Quant à la personnalité de Hollande Ouille, ce n’est assurément pas elle qui fera vendre. Reconnaissons qu’elle n’est pas de nature à concentrer longtemps l’intérêt du bon peuple. Le personnage est falot, cruellement « normal » comme il le reconnaît lui-même, et il ne sera bientôt plus que le jouet ahuri d’évènements qui le dépasseront de très haut.
Avant 1981, le Matin de Paris était l’organe de presse le plus proche de la ligne du parti socialiste. Tant que Mitterrand était dans l’opposition, il avait le vent en poupe. Dès lors que le PS était aux commandes, il a vu ses ventes chuter vertigineusement, jusqu’à déposer son bilan en 1987. Le secteur de la presse écrite se portait pourtant globalement mieux à l’époque que de nos jours, et les cycles économiques s’accélérant, on peut douter que tous les journaux d’aujourd’hui survivront aussi longtemps. Ça serait assez comique que certains organes de presse anti-sarkozyste soient les premières victimes collatérales de l’ère Hollande ! Comique, et avouons-le, plutôt jouissif !
Certains de ces médias reconnaissent que l’exercice va désormais s’avérer plus difficile. "C'est toujours inconfortable d'être un journal proche du pouvoir », confirme Maurice Szafran, le directeur de Marianne. Renaud Dely, directeur de rédaction du Nouvel Obs, s’engage, lui, à être « une vigie critique », à éviter à tout prix d’être « un supporter aveugle ». On a envie de lui dire : Chiche ! Il aura du boulot ! Ça serait même une sacrée conversion ! Car en 1981, le slogan de cet hebdomadaire était « Bien placé pour le savoir ». Sa ligne éditoriale était tellement proche de Mitterrand, qu’il se revendiquait être la « voix de son maître ». Et il a frôlé la faillite.
D’autres, à l’instar de Christophe Barbier, directeur de l’Express, ont eu récemment des aveux confondants de naïveté benoîte : "Si Hollande est élu, nous serons plus sur le fond que sur la forme". En d’autres termes, « chers lecteurs, tant que l’hôte de l’Elysée n’était pas de notre bord, on vous a abreuvé d’informations superficielles sans réelle importance, (d’où les affaires du Fouquet’s, les dénonciations de bling-bling et autres fadaises) et on vous a privé de toute analyse de fond.

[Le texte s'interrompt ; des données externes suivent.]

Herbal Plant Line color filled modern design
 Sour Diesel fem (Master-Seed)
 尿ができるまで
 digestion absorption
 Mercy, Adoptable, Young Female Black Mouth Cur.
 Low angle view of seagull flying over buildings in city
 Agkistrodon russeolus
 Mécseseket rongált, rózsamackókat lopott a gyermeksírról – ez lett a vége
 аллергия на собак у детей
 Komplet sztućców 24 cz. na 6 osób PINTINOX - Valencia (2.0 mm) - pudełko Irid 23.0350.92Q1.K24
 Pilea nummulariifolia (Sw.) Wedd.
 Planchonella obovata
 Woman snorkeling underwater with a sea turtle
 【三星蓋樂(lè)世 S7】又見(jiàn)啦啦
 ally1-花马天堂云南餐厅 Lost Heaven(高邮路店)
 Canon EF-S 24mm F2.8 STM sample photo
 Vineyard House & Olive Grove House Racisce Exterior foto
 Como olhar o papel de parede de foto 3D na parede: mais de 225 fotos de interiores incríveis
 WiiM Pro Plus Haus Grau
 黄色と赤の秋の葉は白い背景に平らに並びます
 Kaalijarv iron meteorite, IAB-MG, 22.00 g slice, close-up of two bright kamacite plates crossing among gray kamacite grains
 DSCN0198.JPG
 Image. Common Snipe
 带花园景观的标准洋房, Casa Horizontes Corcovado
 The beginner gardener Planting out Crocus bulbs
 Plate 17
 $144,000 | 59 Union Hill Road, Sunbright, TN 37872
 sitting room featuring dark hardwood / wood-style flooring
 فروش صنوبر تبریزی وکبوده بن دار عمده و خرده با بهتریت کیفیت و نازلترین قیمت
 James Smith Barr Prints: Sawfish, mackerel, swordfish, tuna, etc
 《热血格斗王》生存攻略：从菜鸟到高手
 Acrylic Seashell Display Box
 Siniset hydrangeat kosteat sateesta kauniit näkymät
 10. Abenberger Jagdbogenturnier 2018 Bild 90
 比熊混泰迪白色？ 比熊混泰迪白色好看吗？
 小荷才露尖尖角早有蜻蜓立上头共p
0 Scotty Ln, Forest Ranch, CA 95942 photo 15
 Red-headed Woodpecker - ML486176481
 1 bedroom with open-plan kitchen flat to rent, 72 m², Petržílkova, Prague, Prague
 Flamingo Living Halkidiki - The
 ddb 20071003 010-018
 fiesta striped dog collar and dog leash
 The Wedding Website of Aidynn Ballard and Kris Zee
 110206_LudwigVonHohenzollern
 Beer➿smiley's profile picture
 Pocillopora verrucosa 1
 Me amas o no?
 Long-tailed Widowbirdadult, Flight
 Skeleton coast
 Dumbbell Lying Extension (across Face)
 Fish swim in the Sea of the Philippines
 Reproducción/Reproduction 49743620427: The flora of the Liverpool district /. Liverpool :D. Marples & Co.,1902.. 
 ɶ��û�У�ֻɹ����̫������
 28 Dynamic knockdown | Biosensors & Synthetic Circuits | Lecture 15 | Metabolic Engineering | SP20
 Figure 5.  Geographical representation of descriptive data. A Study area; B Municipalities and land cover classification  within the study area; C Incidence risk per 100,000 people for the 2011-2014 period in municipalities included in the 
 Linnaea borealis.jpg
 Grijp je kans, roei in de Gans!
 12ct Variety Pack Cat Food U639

Mais maintenant que le Président est celui que nous avons choisi (pour vous), nous allons faire notre boulot sérieusement! » Et Barbier d’en rajouter une couche en reconnaissant avec regret que malheureusement « le fond, ce n’est pas très vendeur… ! » Peut-on être plus cynique ? Les lecteurs et abonnés de l’Express apprécieront d’avoir ainsi été pris pour des jambons. Mais pour être tout à fait juste, cet aveu, très révélateur, pourrait être celui l’ensemble des médias français, parfaitement indignes d’une démocratie moderne.